He answered, totally seriously, “Why are you shopping for the week?”
I was really offended, but I feigned cheerfulness.
“Well, I love having a lot of variety on picnics, and I was fully intending that we share everything. Of course, anything we don’t eat one of us can bring home as leftovers. Anyway…it’s not that much food.”
He literally grunted in reply, and his somber expression remained plastered on his face as we plodded to the checkout area.
While we were waiting on line, it occurred to me that this guy was probably spending 15 dollars on gasoline alone that day to drive us to and from our picnic site, so I thought it was only fair if I paid for the food. When we reached the cashier, I flashed my date a big smile and took his basket from his hands, saying that it’d be my pleasure to treat him because he was paying for the gas. He didn’t answer.
When we got to the car a minute later, he said to me while starting up the ignition, “Notice how I didn’t offer to pay.”
I had no idea how to respond to that, so I didn’t.
After six more wordless miles, we reached the crowded parking lot and saw that there was only one empty picnic table left. He suggested I hop out now to secure the table and that he’d follow me with the food once he found a spot. I told him that was a great idea, which it was, and I exited his car.
Soon he arrived with our waters, his sandwich, and my pasta salad.
“Oh, where’s the other food?” I asked.
“There’s no way you’re going to eat all that.”
This guy was lucky I never had an eating disorder or any major food issues.
“Um, yeah, I was going to eat all that,” I said firmly but kindly. “In fact, I haven’t eaten since lunch yesterday because I was saving myself for this picnic.”
Then I asked him for the car keys so I could get the rest of the food.
“No, I’ll get it,” he said dejectedly.
Ten minutes later I had polished off everything except half of my German chocolate slice. I was hungry enough to finish it, but I’d just run out of water and didn’t want to continue eating solids without something to wash it down with.

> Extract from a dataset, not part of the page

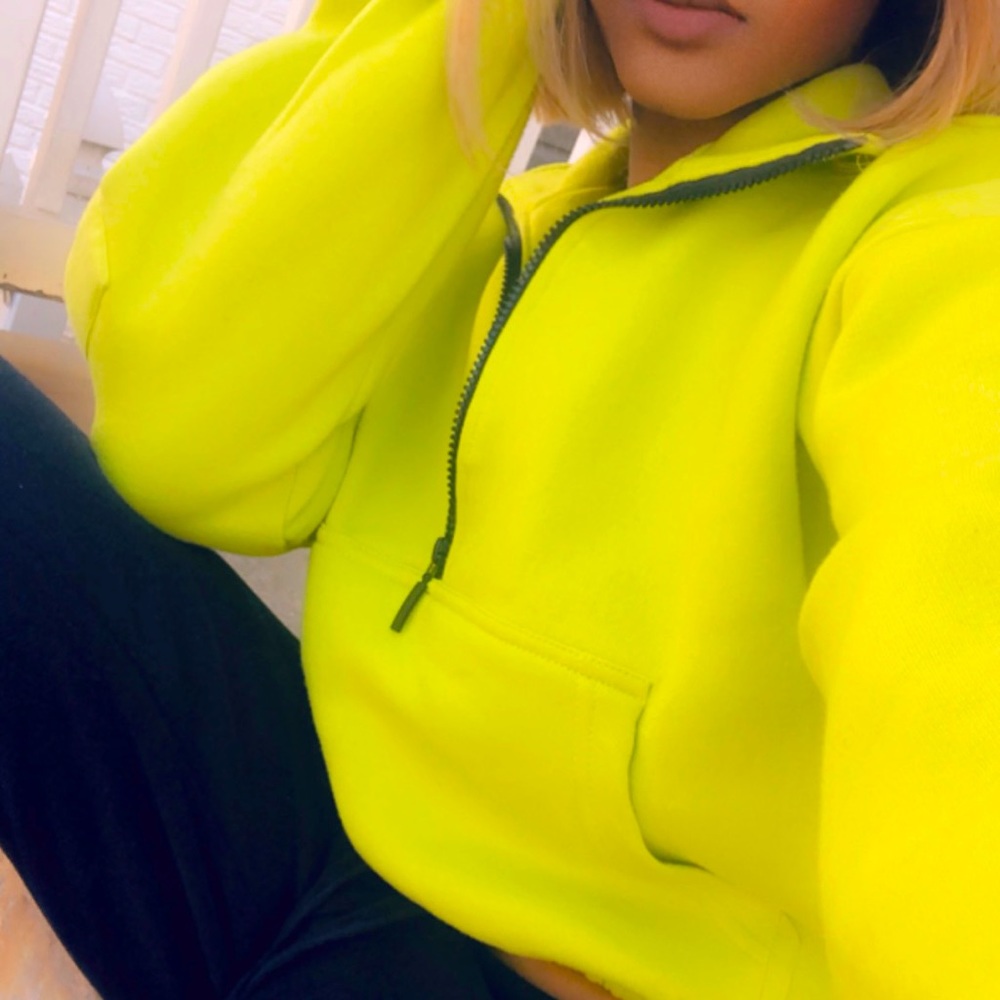 Neon Green Crop Sweater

As I predicted, he gave me a hard time about it.
“You see?” he said smugly. “You left all this cake.”
I explained to him my reasoning, but he didn’t seem satisfied.
I was shocked when this guy then proceeded to sidle up next to me and put his arm around my shoulder. Not two seconds passed before he turned his face away and started gagging.
“What’s wrong?” I asked alarmed. “You okay?”
“Your hair,” he choked. “It smells.”
(That morning I showered with Finesse, which never elicited any complaints before. And that evening following the date I tested my hair on my roommate, who always told me the brutal truth, and she said it smelled fine.)
“Oh, I’m so sorry,” I pleaded, suddenly self-conscious. “Maybe we should just go.”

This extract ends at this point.